第23話 如月 玲奈は動き出す
登校する想い人との必然の再会を果たし——放課後。
如月 玲奈は帰宅することなく、教室に居残っていた。
「じゃあ、また明日―」
「うん、またねー」
新入生である玲奈の学年はまだ部活動が始まっていないので、大半の人がすぐに帰宅する。
一部のヤル気のある人間は見学と称して部活動に参加しているらしいが、元々部活をする気の無い玲奈には関係の無いことだ。
「よし、そろそろ……」
クラスメイトの大半が姿を消した頃、玲奈はカモフラージュとして出していた小説を閉じ、席を立つ。

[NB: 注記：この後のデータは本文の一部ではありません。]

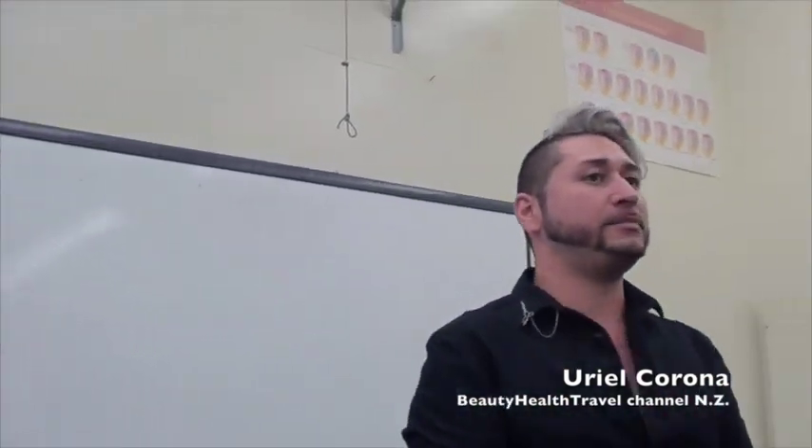Good morning guys, my name is Jurio. I'm actually a professional international hairstylist. I travel all around the USA doing classes in education, so I promote a lot of classes — color, extensions, haircuts. I have a lot of webpages you guys could look up. I'm on YouTube and Facebook under Uriel D'Angelo Beauty, and my personal is Uriel Corona, so you guys can add me there and see what I do, where I'm at, what we're promoting.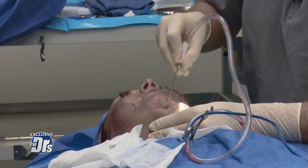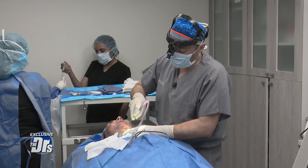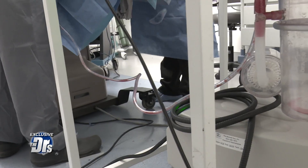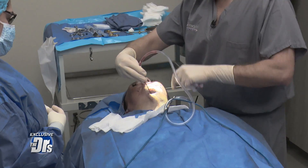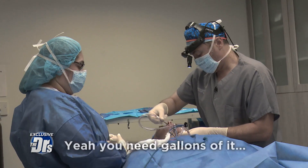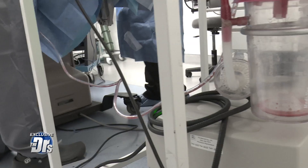The first part is to do liposuction of the neck, and you can see that the fat is, little by little, coming through that little tube. Is that fat? Yeah, that's the fat — your fat coming through. You need gallons of it coming through.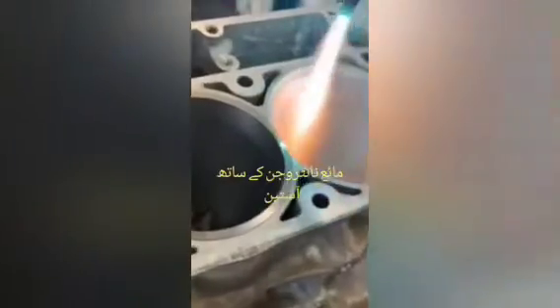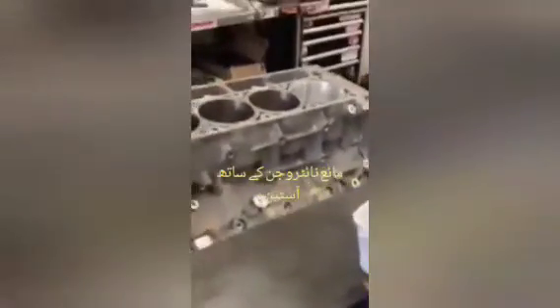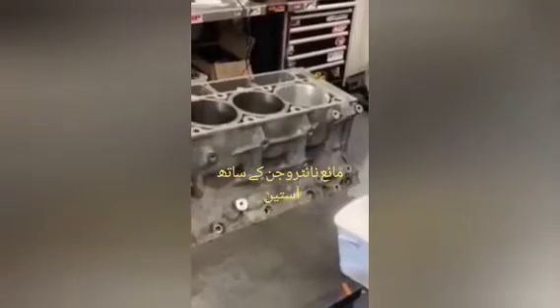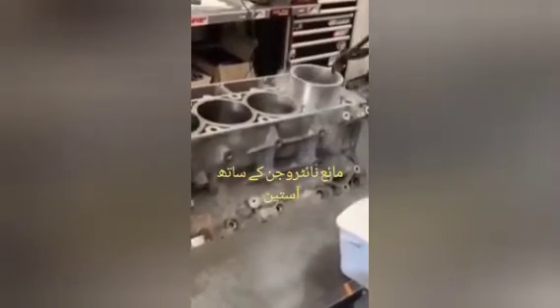Then we put it in liquid nitrogen. We put it in liquid nitrogen and into the cylinder block.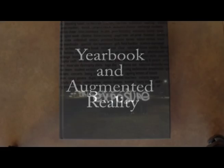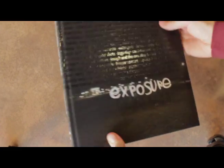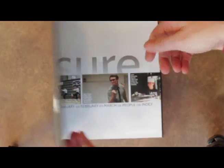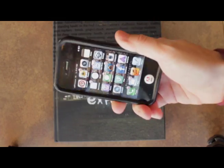Yearbook and Augmented Reality. Here's our 2013 yearbook, and what we've done is we've associated the front cover image to a movie loaded in the app called Erasma.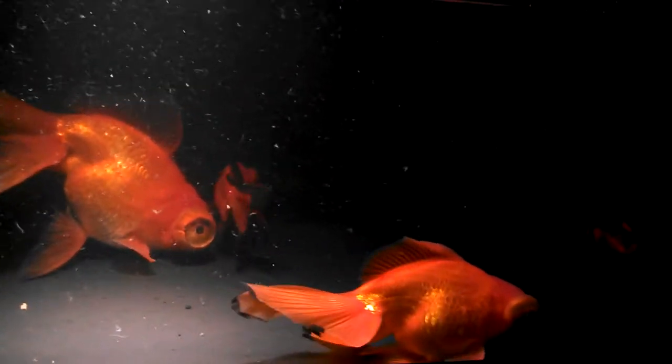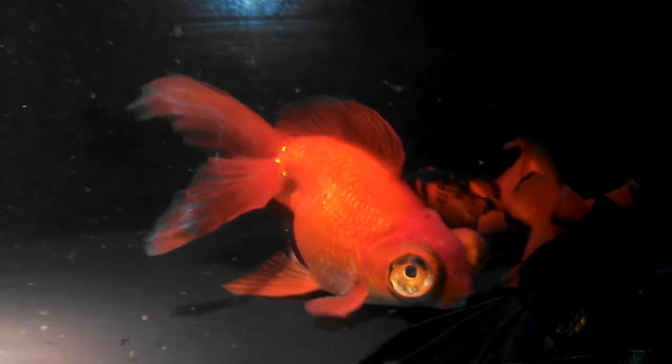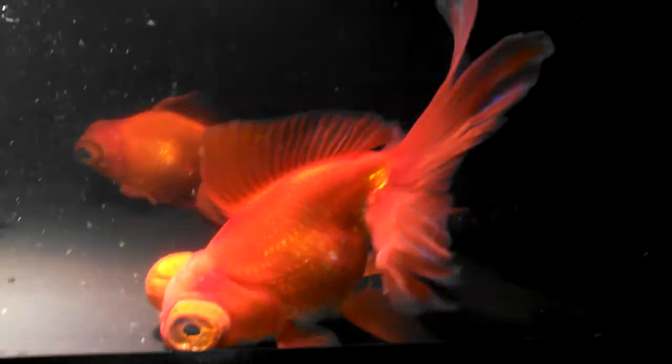Here we have a group of Moors, or Dragon Eyes. Here's the big one out of the bunch — he's so big. You gotta be careful with these guys when they get this big because if there's any sharp objects or anything, they can actually hurt their eyes. But this guy's gigantic. He's as big as my hand — about 8 inches.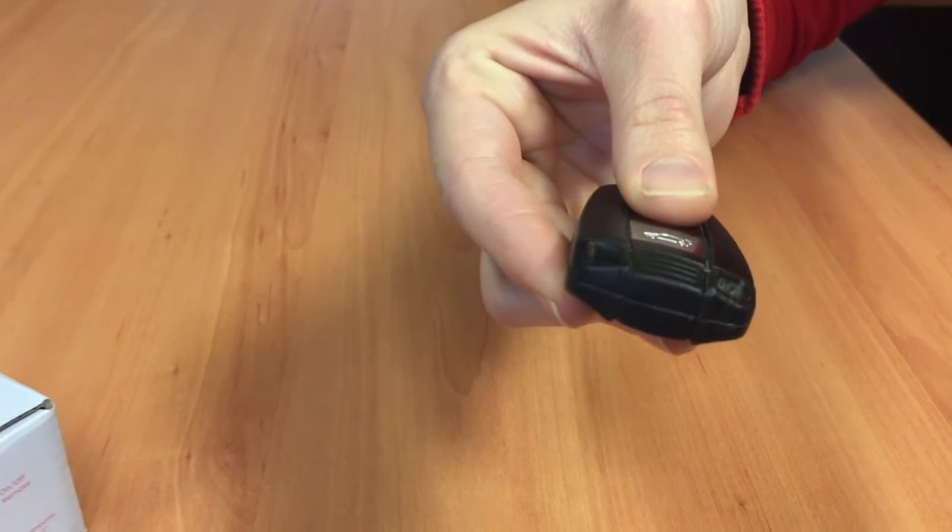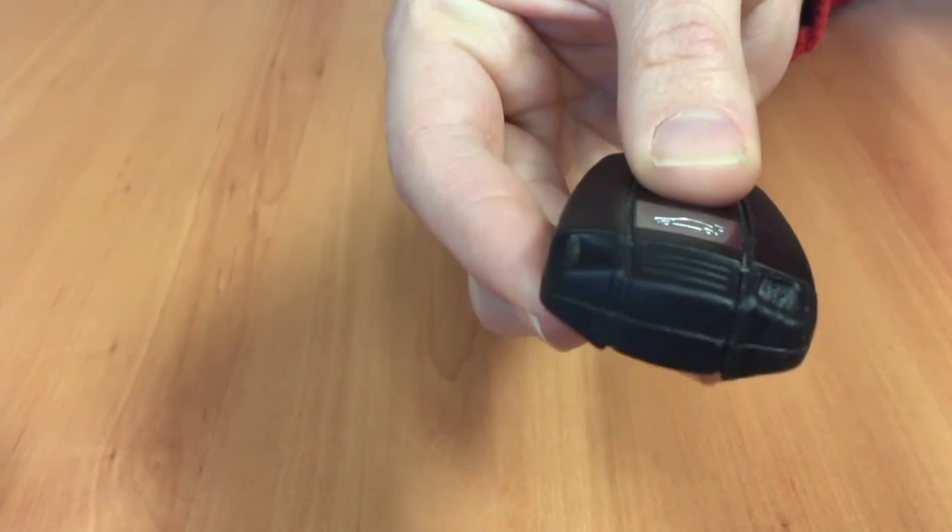A lot of parents give their children car keys to play with. They may not realize that inside the key fob, there could be a button battery. All it takes is for this to be dropped, and a button battery could come out.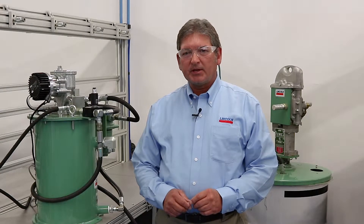Hello everyone, I'm Don Fithian with SKF and I want to talk about a new Lincoln branded mechanical overflow prevention system for single-line systems using Flowmaster style reservoirs.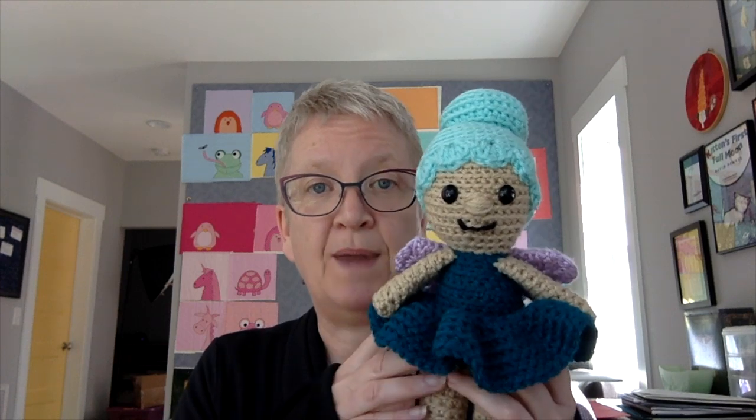If you're a member of Ummy Club, you can go download the pattern now. If you're not a member and you join, you get the pattern right away. And if you want to wait a little while, this pattern will be in Ummy Club all of September and then available in the shop sometime around the middle of October for people who want to buy it as a standalone pattern instead of being in the club.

そして、クラスを後にすると、一つの教室へと足を伸ばした。
「少し待つだけで、ずいぶん人が減るのね」
話し声や物音は微かに聞こえるものの、予想通り校舎の人は少ない。
休み時間とは違う雰囲気を楽しみつつ廊下を歩いていけば、すぐに目的の教室にたどり着いてしまった。
——コンコン。
数回のノックの後、扉に手をかける。
軽く力を入れて扉を開いていき、ガラガラという音と共に一歩踏み出して。
「失礼しまーす!」
「おや、君は……?」
玲奈は、翠にとって最悪の記憶の一つである漫画部の部室へと足を踏み入れた。
「部活中に失礼します黒川先輩」
「どうしたんだい?」
「ちょっとお話があって来ました」
玲奈の来訪を不思議そうにする黒川先輩。
玲奈としてもアポを取っているわけではなく、直接乗り込んだ形となる。
そのため、歓迎してくれるかは分からなかったが、彼女は柔らかな笑みを見せてくれた。
「そっか……ちょうど私も色々と聞きたいと思ってたんだ。ただあれだね、ここだと部員もいるから……隣の教室が空いてるからそっちに行こう」
そう言うと、黒川は玲奈が入った扉とは逆の扉へと歩き出す。
それに続き、隣の教室へ。
人がいない、ガラリとした空き教室。
当然、机も何もないと思っていたのだが、意外にも規則的に机が並べられていた。
「こっちも漫画部の部室なんだよ。普段は隣の教室を使ってるんだけど、展示会をしたりする時にはこっちを作業部屋に出来るように借りてるんだ」
「へぇ……」
「それで、話って?」
教室の最後尾。
もっとも扉から近い席の前に腰掛け、玲奈には最後尾の席に座るように促す黒川先輩。
促されるままに席に着き、玲奈は彼女を見据える。
「高宮先輩の事なんですけど」
「ああ、色々と噂は聞いてるよ。というか、彼ってあんなにイケメンだっだんだね」
「ほんとですよね」
クスクスと笑って見せる先輩に、玲奈も軽く笑う。
「それで、先輩について教えて欲しいんですけど」
密かに調べてみて分かったことだが、高宮先輩の交友関係はとても狭い。
よく一緒にいるのが佐藤先輩と星野先輩。それ以外だと最低限の付き合いがあるくらいで、交友のある人は殆どいないのだ。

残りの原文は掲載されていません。